Logical values can also be constructed by casting numeric objects to logical values, or by using the `true` or `false` functions.

: `TF =` logical `(x)`

Convert the numeric object x to logical type.

Any nonzero values will be converted to true (1) while zero values will be converted to false (0). The non-numeric value NaN cannot be converted and will produce an error.

Compatibility Note: Octave accepts complex values as input, whereas MATLAB issues an error.

: `val =` true `(x)`
: `val =` true `(n, m)`
: `val =` true `(n, m, k, …)`
: `val =` true `(…, "like", var)`

Return a matrix or N-dimensional array whose elements are all logical 1.

If invoked with a single scalar integer argument, return a square matrix of the specified size.

If invoked with two or more scalar integer arguments, or a vector of integer values, return an array with given dimensions.
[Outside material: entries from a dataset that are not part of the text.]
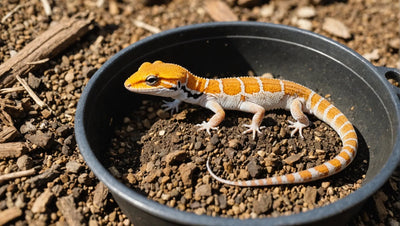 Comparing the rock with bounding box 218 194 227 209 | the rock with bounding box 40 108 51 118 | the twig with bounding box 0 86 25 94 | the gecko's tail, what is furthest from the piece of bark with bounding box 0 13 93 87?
the rock with bounding box 218 194 227 209

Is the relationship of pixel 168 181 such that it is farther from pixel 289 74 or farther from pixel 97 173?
pixel 289 74

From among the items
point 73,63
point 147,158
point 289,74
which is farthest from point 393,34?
point 73,63

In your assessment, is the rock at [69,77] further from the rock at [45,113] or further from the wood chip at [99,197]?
the wood chip at [99,197]

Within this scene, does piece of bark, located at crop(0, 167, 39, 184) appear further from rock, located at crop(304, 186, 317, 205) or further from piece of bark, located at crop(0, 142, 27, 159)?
rock, located at crop(304, 186, 317, 205)

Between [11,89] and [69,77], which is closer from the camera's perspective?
[11,89]

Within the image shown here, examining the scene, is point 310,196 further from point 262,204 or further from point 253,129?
point 253,129

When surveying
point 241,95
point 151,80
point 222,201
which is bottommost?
point 222,201

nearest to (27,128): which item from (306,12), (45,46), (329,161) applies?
(45,46) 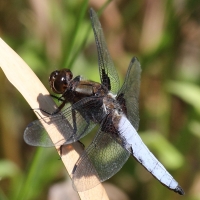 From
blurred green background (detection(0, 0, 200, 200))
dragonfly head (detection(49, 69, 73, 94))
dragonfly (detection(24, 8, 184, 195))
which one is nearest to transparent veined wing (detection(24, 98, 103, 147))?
dragonfly (detection(24, 8, 184, 195))

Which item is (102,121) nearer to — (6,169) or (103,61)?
(103,61)

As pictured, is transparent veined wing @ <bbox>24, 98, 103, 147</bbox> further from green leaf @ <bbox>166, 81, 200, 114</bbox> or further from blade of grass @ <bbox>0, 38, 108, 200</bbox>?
green leaf @ <bbox>166, 81, 200, 114</bbox>

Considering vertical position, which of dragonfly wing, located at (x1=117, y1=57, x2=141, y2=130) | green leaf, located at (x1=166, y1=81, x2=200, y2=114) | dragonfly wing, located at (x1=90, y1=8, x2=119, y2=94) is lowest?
green leaf, located at (x1=166, y1=81, x2=200, y2=114)

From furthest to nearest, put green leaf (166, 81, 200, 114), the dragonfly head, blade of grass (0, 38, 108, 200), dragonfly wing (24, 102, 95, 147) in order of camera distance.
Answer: green leaf (166, 81, 200, 114), the dragonfly head, dragonfly wing (24, 102, 95, 147), blade of grass (0, 38, 108, 200)

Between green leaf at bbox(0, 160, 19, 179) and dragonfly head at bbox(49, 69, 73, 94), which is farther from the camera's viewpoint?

If a logical variable var is specified after `"like"`, the output val will have the same sparsity as var.

: `val =` false `(x)`
: `val =` false `(n, m)`
: `val =` false `(n, m, k, …)`
: `val =` false `(…, "like", var)`

Return a matrix or N-dimensional array whose elements are all logical 0.

If invoked with a single scalar integer argument, return a square matrix of the specified size.

If invoked with two or more scalar integer arguments, or a vector of integer values, return an array with given dimensions.

If a logical variable var is specified after `"like"`, the output val will have the same sparsity as var.